| RAW DATA |
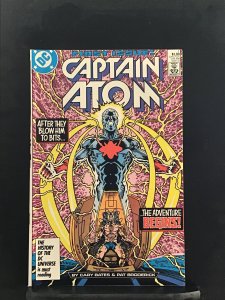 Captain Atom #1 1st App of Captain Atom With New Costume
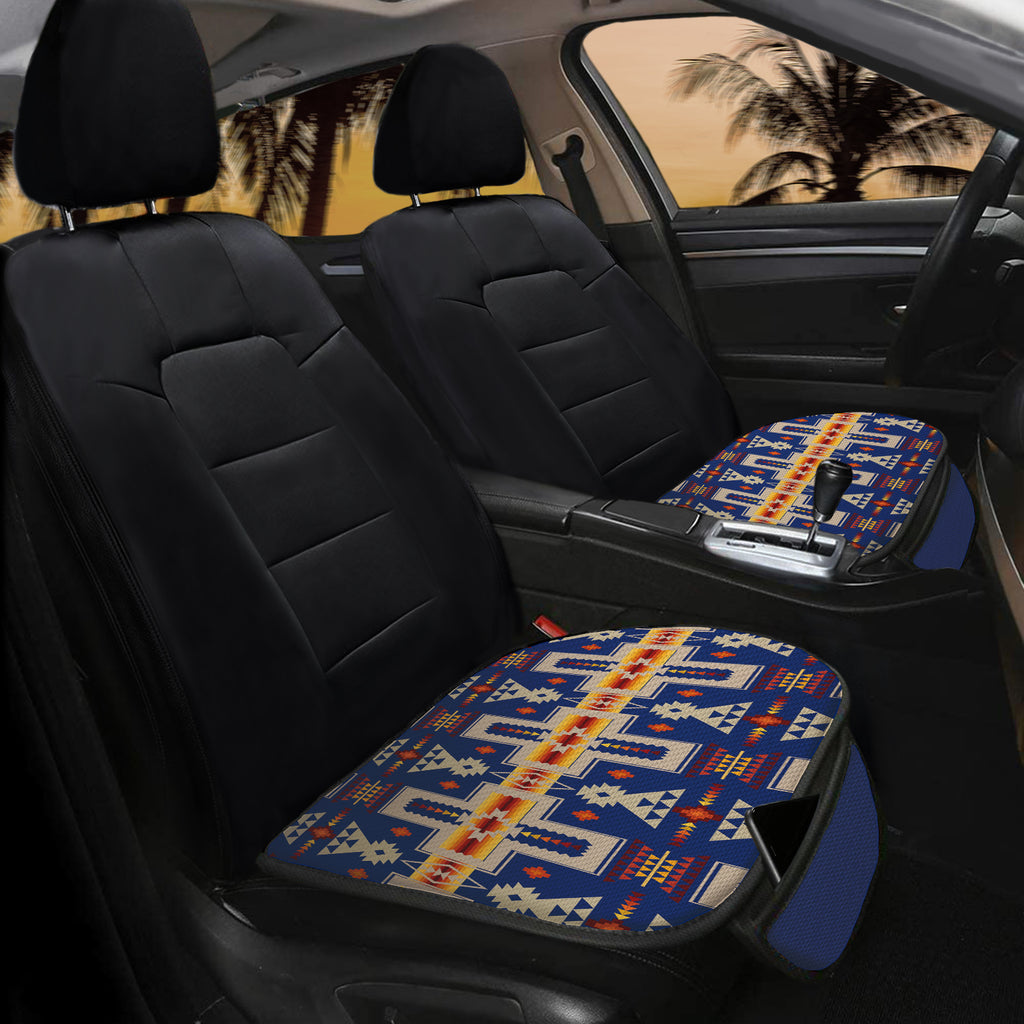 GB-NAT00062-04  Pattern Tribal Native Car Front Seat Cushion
--
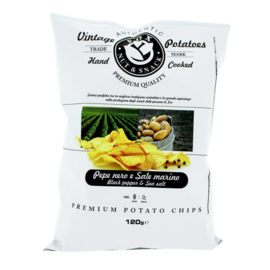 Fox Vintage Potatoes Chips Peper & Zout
==
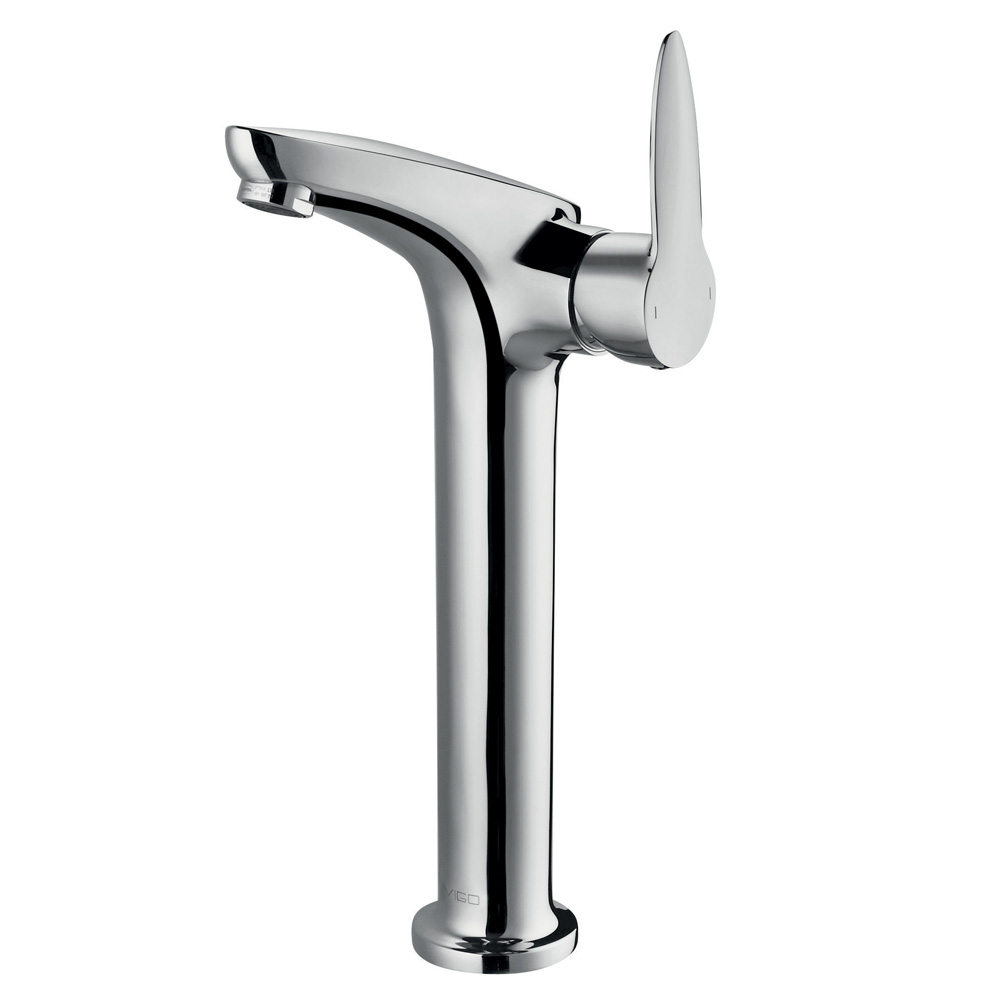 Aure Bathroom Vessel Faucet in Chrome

| EXERCISE GOAL |
Please output the lines above beginning at the line with "Captain Atom #1" and ending after the line with "Front Seat Cushion", precisely as written and with no pictures.

| YOUR RESPONSE |
 Captain Atom #1 1st App of Captain Atom With New Costume
 GB-NAT00062-04  Pattern Tribal Native Car Front Seat Cushion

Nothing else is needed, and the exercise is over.